# PROBLEM
Copy the listing below exactly. Pictures stay out of it.

PROVIDED MATERIAL Start Marker

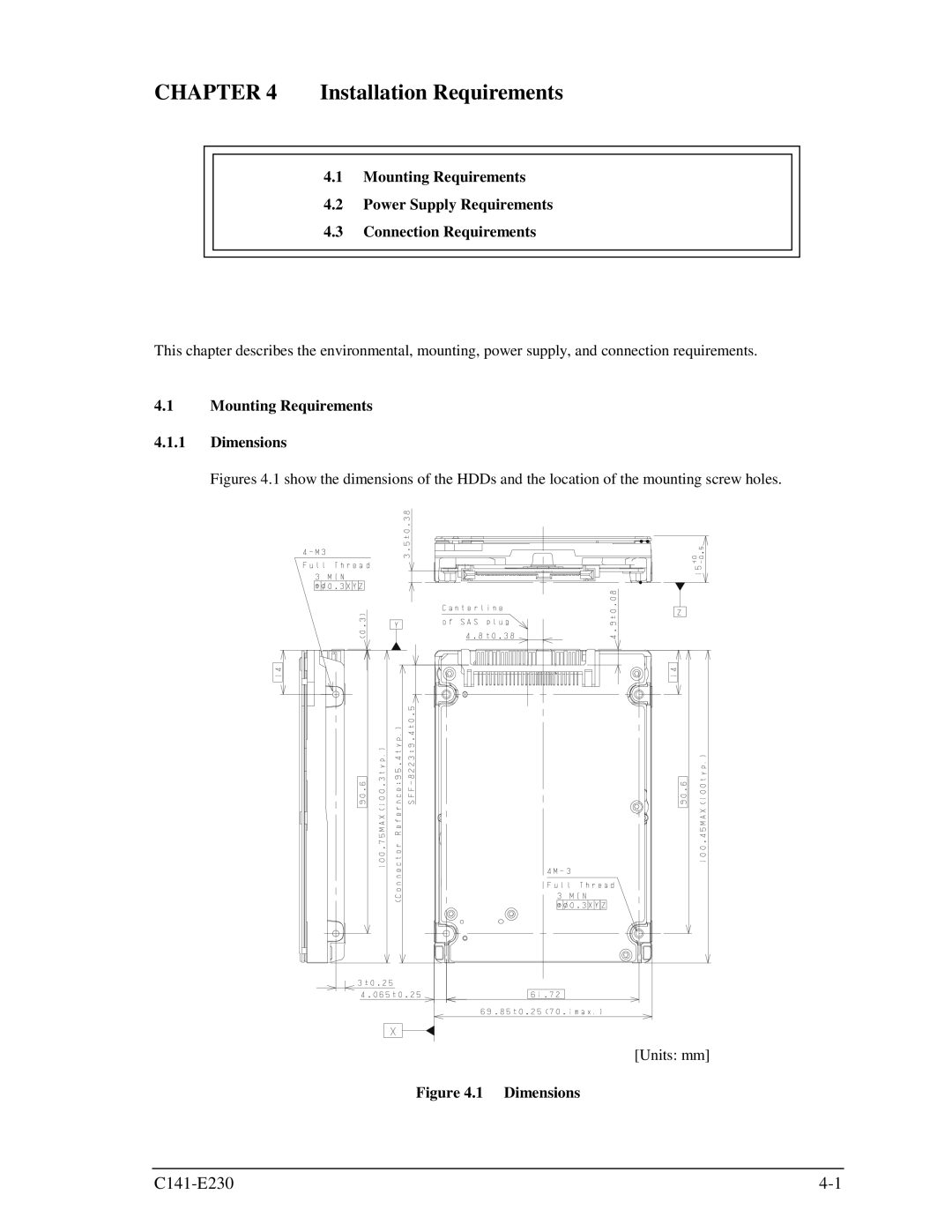 Fujitsu MAY2036RC, MAY2073RC manual Installation Requirements, Mounting Requirements Dimensions 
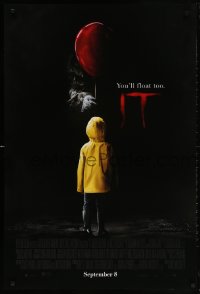 3t0930 IT advance DS 1sh 2017 creepy image of Pennywise handing child balloon, you'll float too!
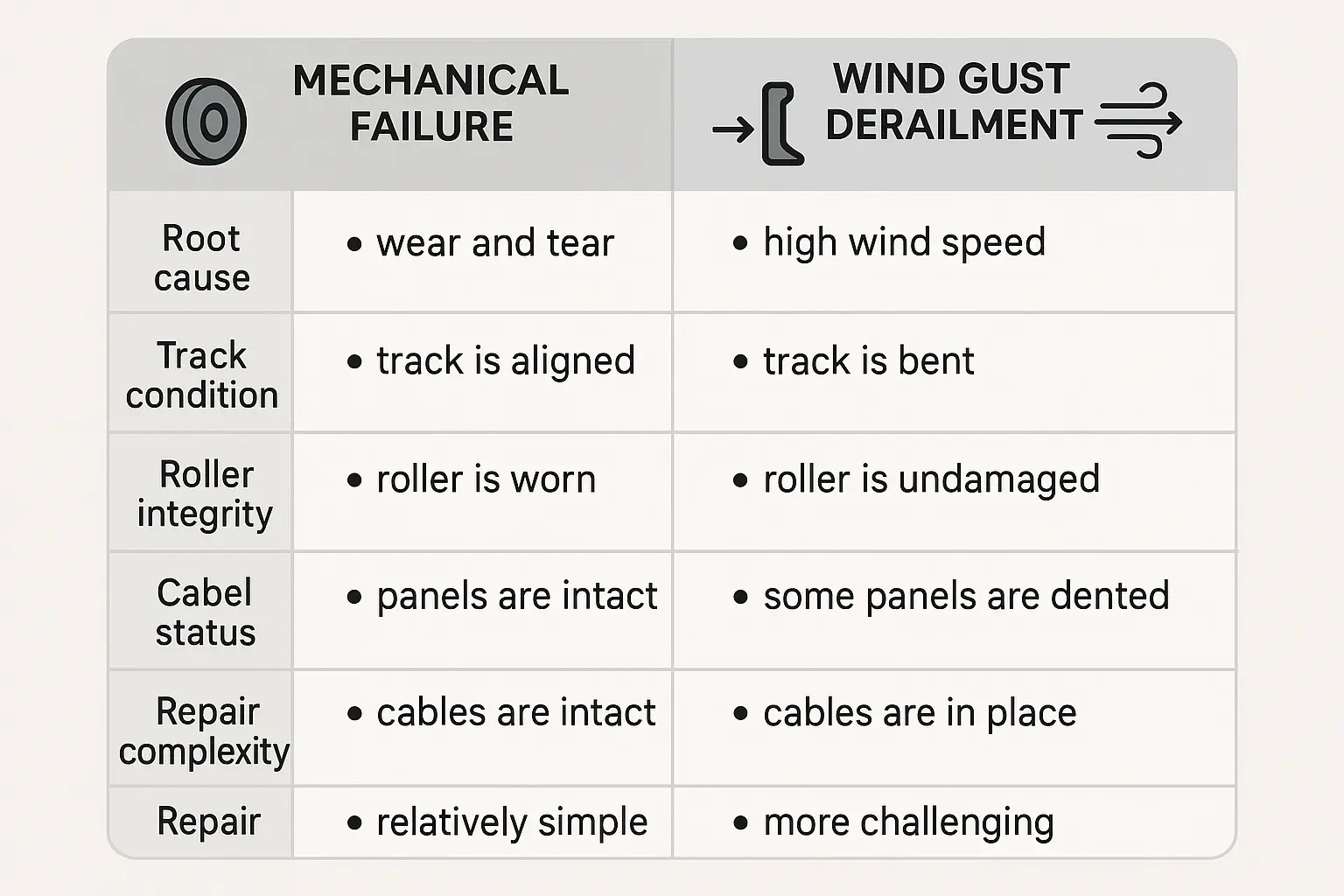 Diagnostic matrix clarifying how wind gust damage differs from regular wear and tear, guiding readers to correctly assess the severity and type of garage door failure.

PROVIDED MATERIAL End Marker

# WRITTEN SOLUTION
 Fujitsu MAY2036RC, MAY2073RC manual Installation Requirements, Mounting Requirements Dimensions 
 3t0930 IT advance DS 1sh 2017 creepy image of Pennywise handing child balloon, you'll float too!
 Diagnostic matrix clarifying how wind gust damage differs from regular wear and tear, guiding readers to correctly assess the severity and type of garage door failure.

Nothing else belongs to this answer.